When I'm worried that I'm overspraying I'll mist the brush.
Find a good pillow, too.

4 The Love of Poodles gave you a great post!


----------



## shellygroomer (Oct 18, 2010)

Thanks I was looking for just that kind of info. Yes i am tring to grow show coat and yes I do use a force dryer to blow most of the water off then use oster high velocity stand dryer to finish. I use an all systems brush right now. From what you descibe I guess my spray bottle sucks, wetting the hair more than need be. OK check "get a new spray bottle, don't even think about that slicker.. check,check,". So far I have only been bathing once a week. You said every time I brush the hair it damages it, right but technically where is that line? Would once or twice a day be too much and now that I think about it what do you guys do after it rains? Is there a save coat protacol? lol. OMg I thought I knew a lot about coat I feel like a idiot. The last few nights I have been tring to make her get really comfi while I brush and band her. Tonight she did really good letting me do anything just laying there so I guess we are getting there. She really does have a great personality. I put extra bands in and she pranced around all happy not the slightest scratching.Yeahh! I think she likes wraps better than just plain banding. Yes I agree Nola 4 The Love of Poodles did din't she! Thanks LUV.
Shelly& Sophia


----------



## NOLA Standards (Apr 11, 2010)

If you want, look up Standard Pics and Videos from the Memphis Show - I wrote a pretty extensive post on Annie's topknot and how to grow it.

Good Luck!

Tabatha

PS Helps if you can turn it into "relaxation" too. It's the only time I don't run for the phone, allow people stick their heads in/drop by, etc. so I really enjoy "grooming time".


----------



## cbrand (Aug 9, 2009)

It also might be your product. Just because it is Isle of Dogs does not mean that it is right for your dog's coat. I've been using a human product as my grooming spray. It is made by Matrix and it is called Instacure. As a bonus, the bottle it comes in sprays a very fine mist. You can get it beauty supply stores.
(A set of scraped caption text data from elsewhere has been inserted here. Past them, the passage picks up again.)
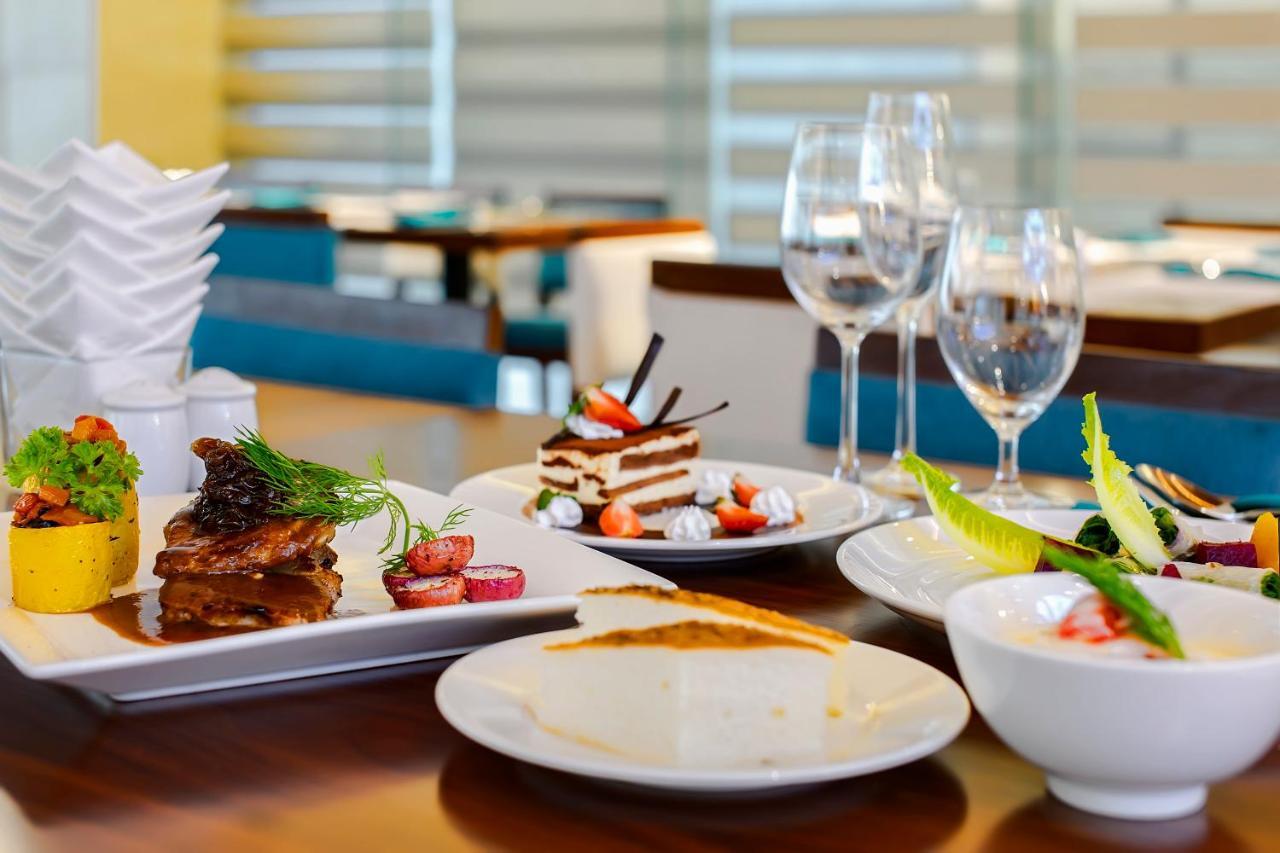 Maximilan Danang Beach Hotel Екстериор снимка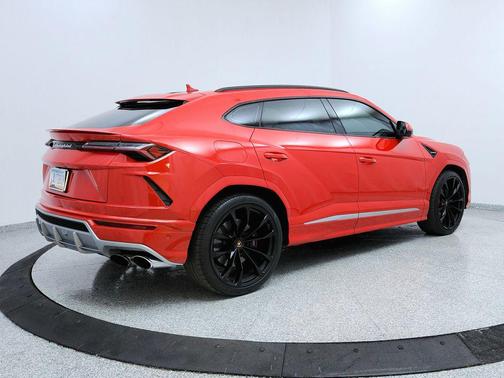 2019 Lamborghini Urus Base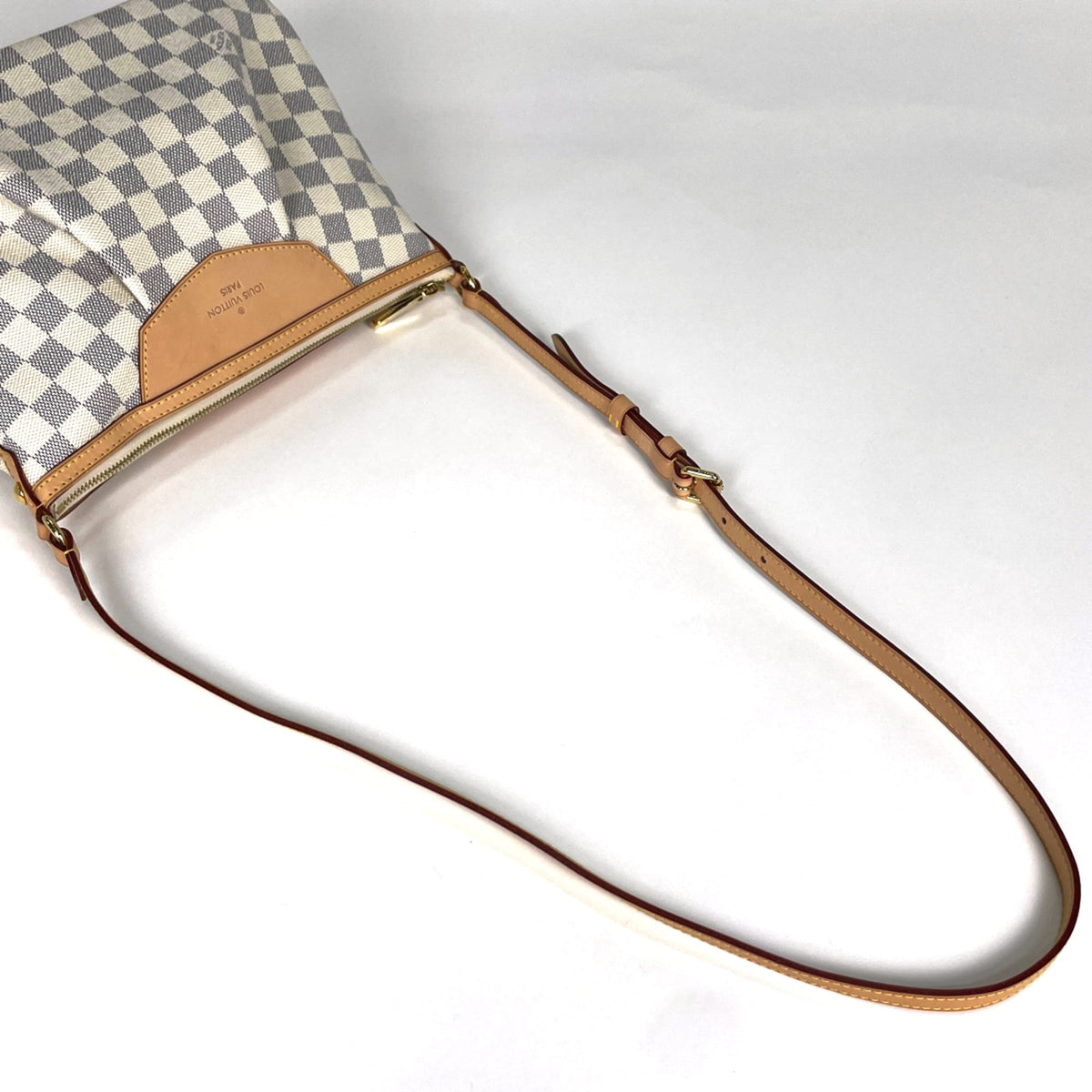 Louis Vuitton White Damier Azur Shoulder Bag (Pre-Owned)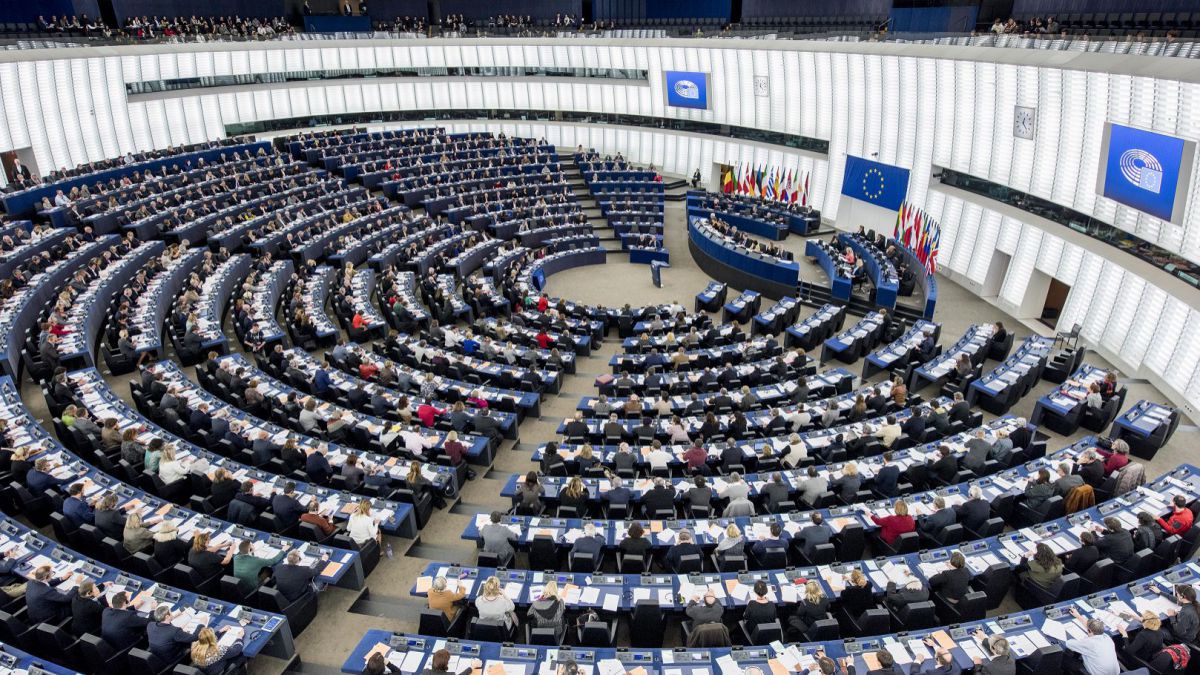 Preşedintele Parlamentului European cere investigarea Facebook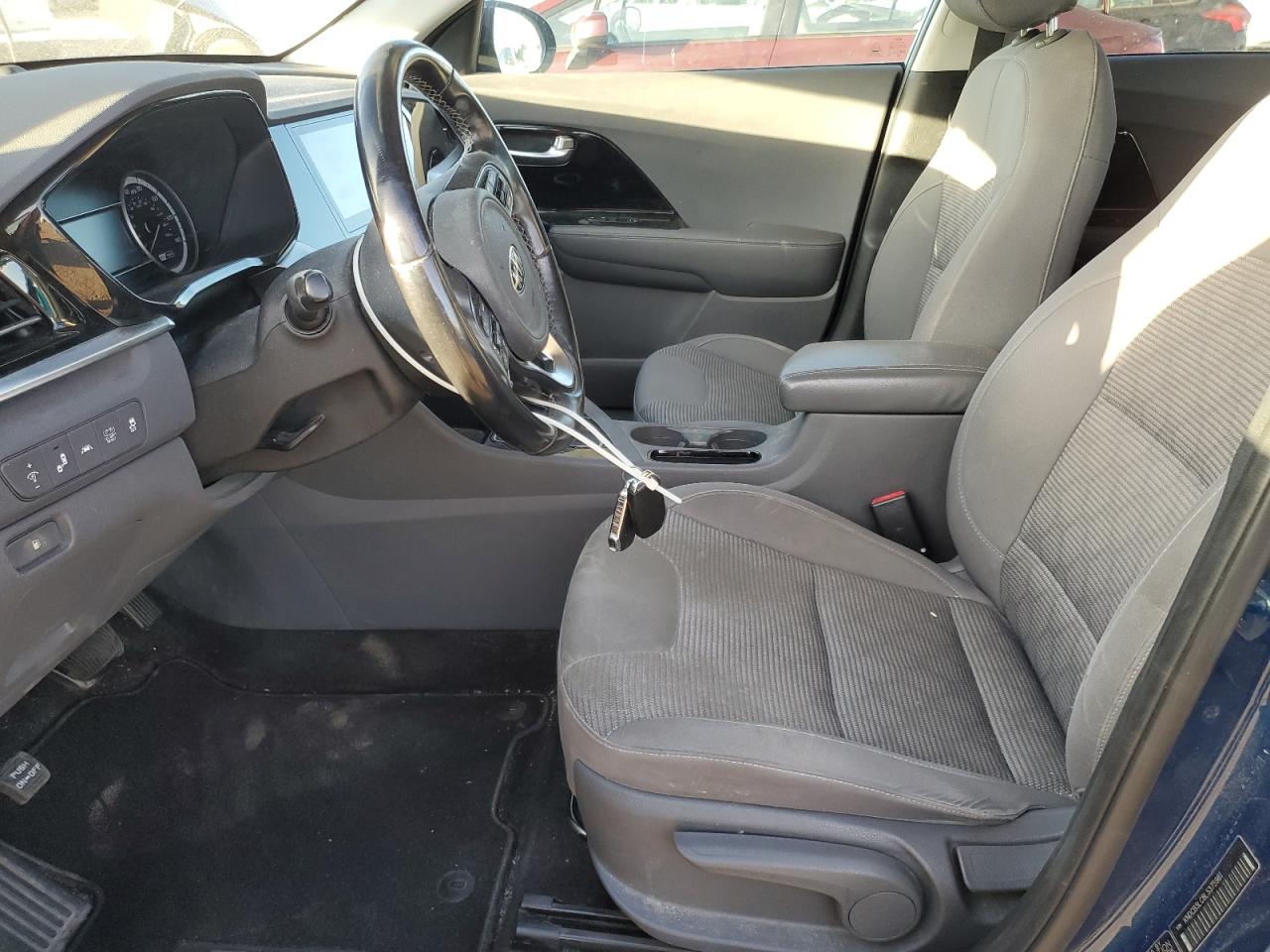 2020 Kia Niro Lx VIN: KNDCB3LC8L5375981 Lot: 89706205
If you don't already have a head rest, you need to get one.


Also, I think you need to turn DOWN the heat on your stand dryer. I think that when it is set to HOT, it drys the hair before you get a chance to pull it straight. Note.... I do all my show grooming with forced air dryer that I stick in the crook of my neck. I'm sure that this is not an ergonomically sound idea, but it works for me.


----------



## 4theLOVEofPOODLES (May 13, 2010)

Don't in any way feel like an idiot. At one point or another we were all completely new at this. If you don't ask you can't learn. Don't be afraid to try new things too as I love hearing still what others use. Never know..you may like something better. You will find that different people have different ways of doing things or different products they suggest. There are more ways than one to get the job done and as always you just need to find what works for you and you dog 

Brushing...like I had said..it IS damaging. I brush ONLY when I have to. Meaning shortly before the time they tend to start matting. Again, only you will be able to determine when matting starts so brush before it happens. Both my girls I brush once mid week before their bath. So, they get a bath say Sunday and are brushed Wed and then bathed on Sunday again. However, when they were going through coat change brushing was almost an every other day thing. Its horrible to say the least.
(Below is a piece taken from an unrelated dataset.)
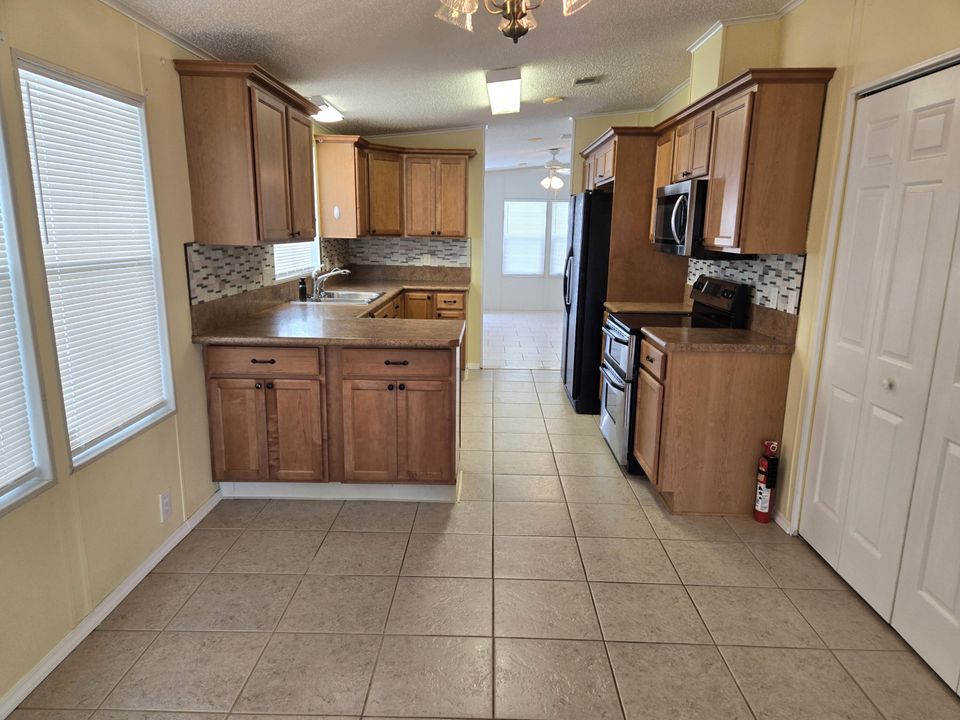 For Sale: $187,000 (2 beds, 2 baths, 1296 Square Feet)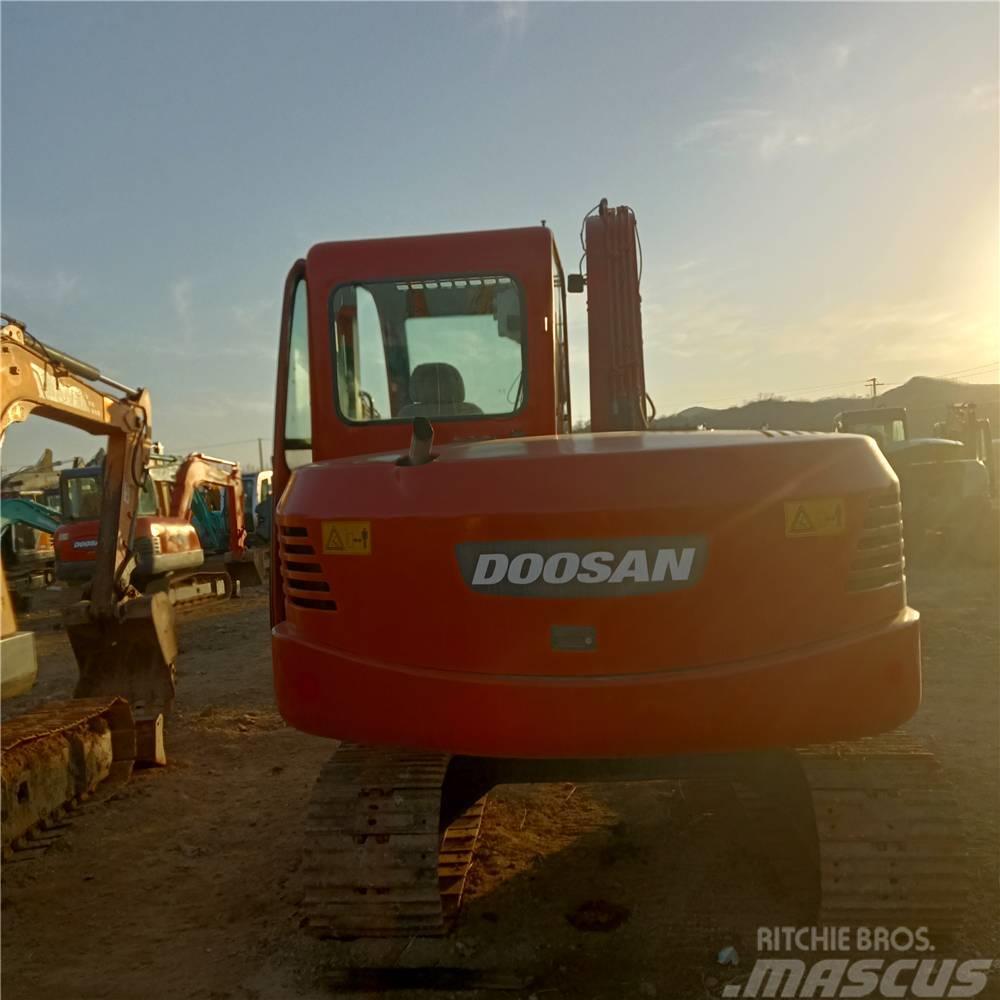 Doosan DH70 Pásové rýpadlá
Now, I don't really let my girls outside during rainy days except to potty. However, I have found that during yucky weather and particularly if you live somewhere like I do in a giant ice box half the year...that the Absorbine Show Sheen works really good keeping snow, dirt, whatever out of the coat. It also helped me during coat change. You can spray it in damp or dry. It helps to get mats out as well. Warning though..this stuff makes the hair slick as well as the floor if you get any overspray on it. My husband learned that first hand so be careful. 
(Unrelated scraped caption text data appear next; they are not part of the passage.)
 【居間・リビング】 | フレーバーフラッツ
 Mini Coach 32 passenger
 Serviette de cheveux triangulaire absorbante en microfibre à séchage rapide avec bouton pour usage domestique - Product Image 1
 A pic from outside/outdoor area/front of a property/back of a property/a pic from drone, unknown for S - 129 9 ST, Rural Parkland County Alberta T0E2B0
Like several have mentioned here already...get a chin rest and a good pillow. I used a wonderful little bone shaped pillow like the kind for your neck in the car. It's a good idea to train your dog to place their head on these early and not move it so when you are trying to do that perfect topknot someday they will hold still for you. I use my chin rest on the table and a pillow if we are feeling lazy and want to brush on the floor which I do more often than not


----------



## Jillian (Jan 26, 2010)

*Don't make it harder than it has to be*

Big handlers cart strings of dogs across the country in show coat all the time. I guarantee they aren't spending hours and hours in in between maintenance and you don't have to either. Use a good leave in conditioner or even a light oil. The top enemies of growing hair are heat and brushing. You do not have to keep the coat absolutely tangle free every minute of the day. Brushing once a day is too much. If you have a problem with matting during the coat change, most likely it is in certain areas. If you have to brush these out, then do that but don't brush the entire dog for the sake of brushing. Crown Royal has an excellent grooming spray. If you can get by with a once a week bath with no brushing or only brushing key areas once a week all the better. A lot of tangling will blow out with the HV after conditioning in the bath tub. Dematting a wet dog is easier on the hair than dematting dry hair. Less breakage and the hair untangles better. Much better than brushing dry hair. Use the HV on all the coat and finish the head and neck hair with the stand dryer.


----------